Anxiety in Malayalam Families — Why We Don’t Talk About It ??There is a word in Malayalam — veruppu — that roughly translates as disgust or aversion, but carries a social weight that the English word does not. When a family’s reputation is threatened, or when someone does something that causes collective shame, it is veruppu that the community feels. It is a powerful regulatory force, and it works in large part because everyone knows it exists and nobody wants to be its subject.

It is also, quietly, one of the reasons anxiety goes unnamed in Keralite families for so long.

When psychological distress is disclosed, it risks the family’s standing. When someone sees a psychologist, the question becomes: what did the family do wrong? Mental illness — and anxiety, in the popular imagination, is a form of mental illness — implies fragility, dysfunction, a failure of the collective to produce a strong, capable person. So the anxiety gets another name. Overthinking. Tension. Stress from studies. A physical complaint the body has produced for reasons that are not psychological. It gets managed, carried, endured.
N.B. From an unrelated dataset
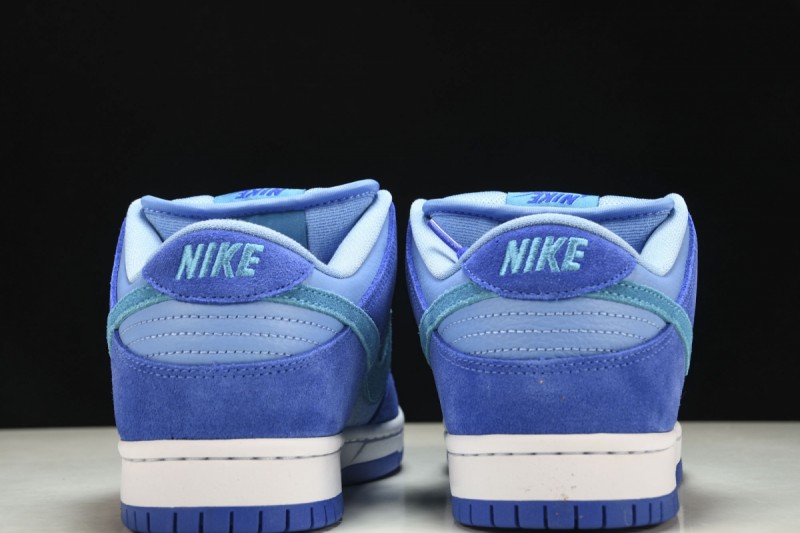 Nike SB Dunk Low Blue Raspberry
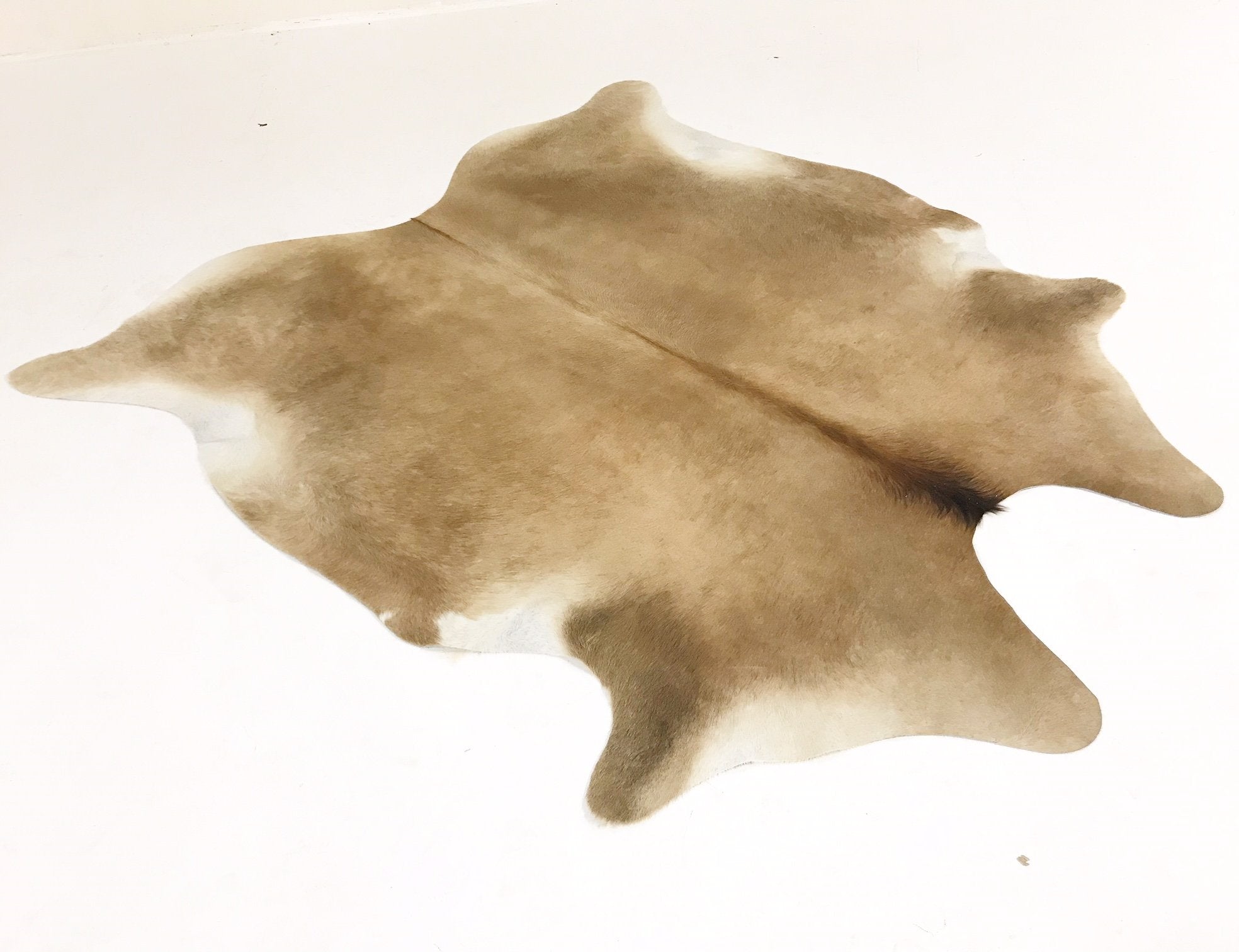 PALOMINO COWHIDE RUG - LAKE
What it does not get is treated.

This article is an honest examination of why anxiety in Malayalam families so rarely gets named, the specific cultural mechanisms that keep it hidden, and why understanding those mechanisms is the first step towards changing them. It is written for Keralites — in Kerala, in the Gulf, and across the diaspora — who have spent years managing something that had a name they were never given.


The Language We Use (and Don’t Use)

Language shapes what is possible to experience, and in Malayalam, the vocabulary for psychological distress is thin.
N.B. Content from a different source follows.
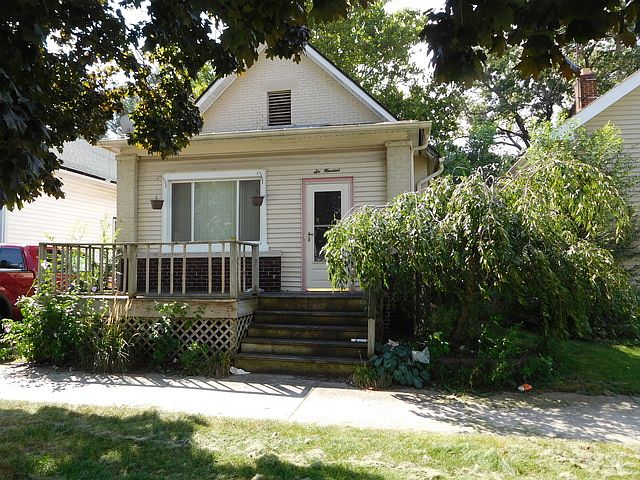 1st image of 600 Douglas Ave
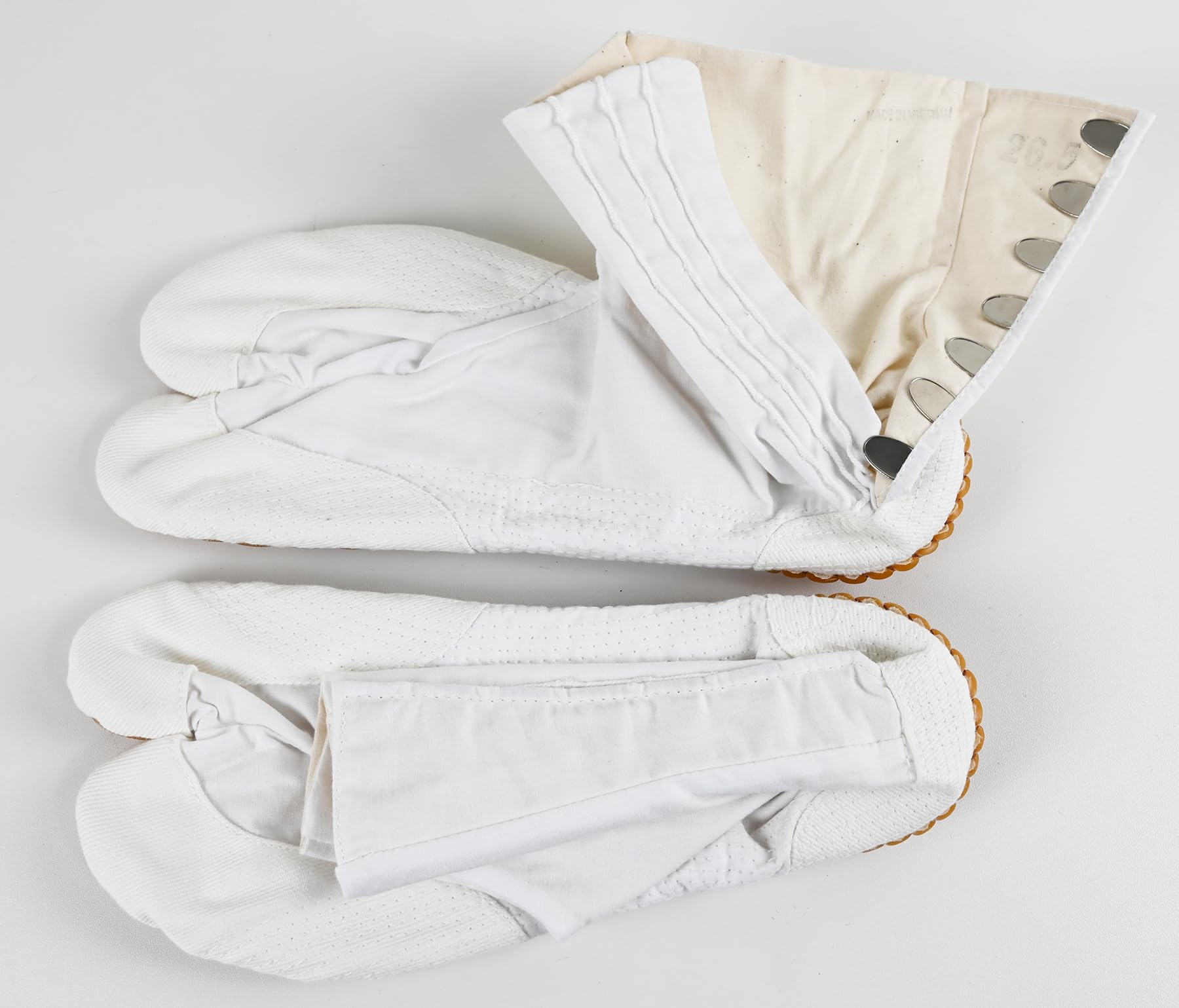 Unisex White Work Tabi Shoes with 7 Clasps - No. 8003 - Comfortable & Durable for Martial Arts, Cosplay & Traditional Japanese Fashion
There are words for grief — saadhanam, for sorrow. There are words for worry — parakkam, the anxious fluttering feeling. There are words for tension and pressure. But there is no common vernacular Malayalam equivalent for anxiety as a clinical concept — no phrase that captures the sustained, physiological, cognitively specific experience of an anxiety disorder in the way that the English term does when properly explained.

This is not unique to Malayalam. Research published in Transcultural Psychiatry has consistently documented that in many South Asian languages, the vocabulary for psychological distress maps imprecisely onto Western clinical categories — not because the experiences do not exist, but because the conceptual frameworks used to organise and communicate them are different. In a culture where the body is the primary legitimate channel for distress, the chest that tightens is heart trouble, not anxiety. The stomach that churns before a family event is digestive problems, not social anxiety.
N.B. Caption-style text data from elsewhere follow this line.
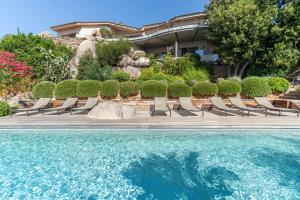 Πισίνα στο ή κοντά στο Hôtel Marina di cavu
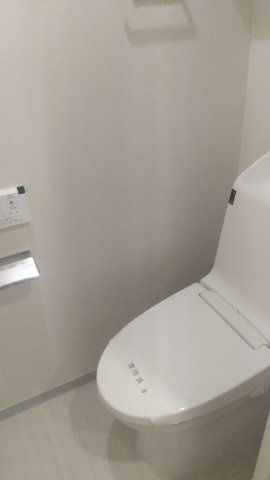 川崎市中原区新丸子町の賃貸マンションのトイレ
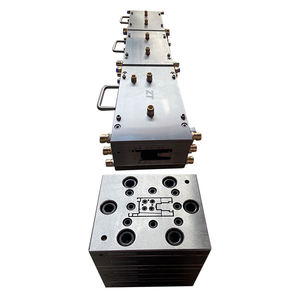 Moule d'extrusion pour profilés de fenêtres PVC/UPVC, moule en acier pour cadres de portes et fenêtres en plastique, outil et matrice d'extrusion haute performance et haute précision - Product Image 4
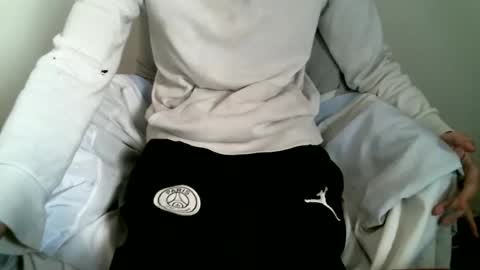 Keanu online show from 8, 2, 2026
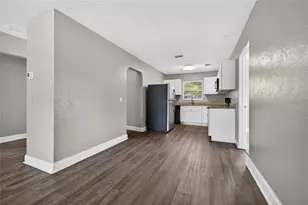 4621 25th Ave S, Saint Petersburg, FL 33711 - Photo 5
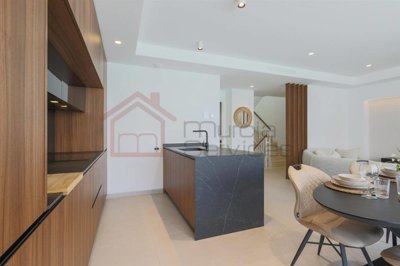 4izcxqmr7kigfpopjfovew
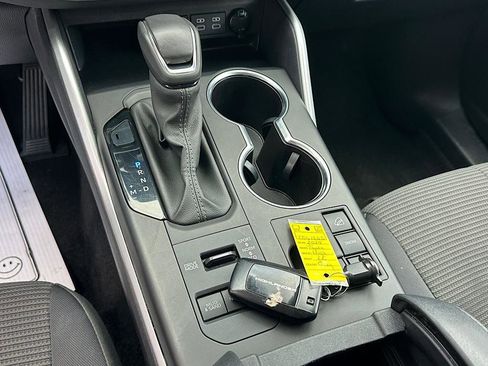 Certified 2024 Toyota Highlander Limited image 27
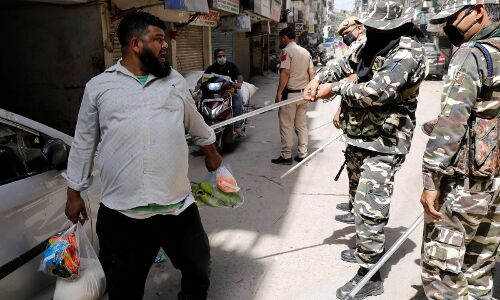 लॉकडाउन से हुई पुलिसवालों की अवैध वसूली बंद, अब राहगीरों पर बरस रहे डंडे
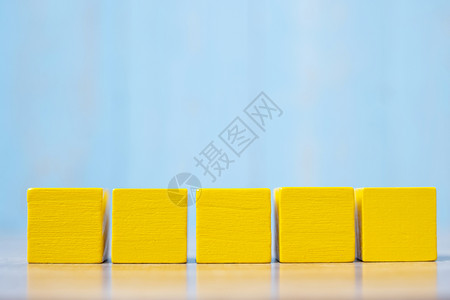 改进黄色的建筑上木块业务规划风险管理解决方案战略不同和独特的概念进步图片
This linguistic gap has a practical consequence: if there is no word for something, it is very difficult to seek help for it. A person can go to a GP with chest tightness. They cannot easily go to the same GP and say “I have an anxiety disorder” if that category does not exist in their mental framework. The clinical condition remains inaccessible, even when the suffering is entirely real.


What Keralite Culture Does With Emotional Distress

To understand why anxiety is so rarely talked about in Malayalam families, it is necessary to understand what Keralite culture does — and does not do — with difficult emotions more broadly.

The Priority of Endurance

Kerala has a cultural heritage that valorises sacrifice, endurance, and the subordination of individual need to collective wellbeing. The parent who works themselves to exhaustion for their children’s education. The wife who manages the household and her own distress without troubling her husband. The NRI worker who sends every spare dirham home and does not mention how depleted he feels. These figures are admired, not pitied, because in the Keralite cultural frame, the capacity to carry difficulty without complaint is a mark of character.

This value is not wrong. It reflects a real and honourable tradition of resilience that has served generations of Keralite families through genuine hardship. But it creates a specific problem for mental health: it makes the disclosure of psychological distress feel not just unnecessary but morally suspect. To say “I am struggling” is, in this framework, to announce that you are not strong enough — a failure, not a health disclosure.

The Collective Over the Individual

In most Western psychological frameworks, the individual is the primary unit of concern. Their wellbeing, their autonomy, their internal experience — these are the relevant metrics. In Keralite family culture, the relevant unit is the family. The individual’s distress is meaningful primarily in terms of what it means for the collective — whether it reflects badly on the family, whether it creates burden, whether it interferes with the person’s capacity to fulfil their family role.

This orientation produces a specific barrier to seeking help. A young woman who is struggling with anxiety may not ask “what do I need?” She asks “what will happen to my family if I do?” If the answer involves shame, cost, disruption to the family’s plans, or the implicit suggestion that the family environment contributed to the problem, the incentive to seek help is powerfully suppressed.

Research published in the International Journal of Social Psychiatry examining help-seeking patterns in South Asian communities found that shame about being identified as mentally ill — and the perceived impact of that identification on the family rather than the individual — was the single most commonly cited barrier to seeking professional help. The data confirm what anyone who has grown up in a Keralite family already knows from lived experience.

Somatisation as the Available Language

Because psychological distress lacks a legitimate vocabulary in Keralite family culture, it finds its expression through the body. This is somatisation — the conversion of psychological suffering into physical symptoms — and it is not a choice or a manipulation. It is what happens when the emotional channel is unavailable and the physical channel is the only legitimate one.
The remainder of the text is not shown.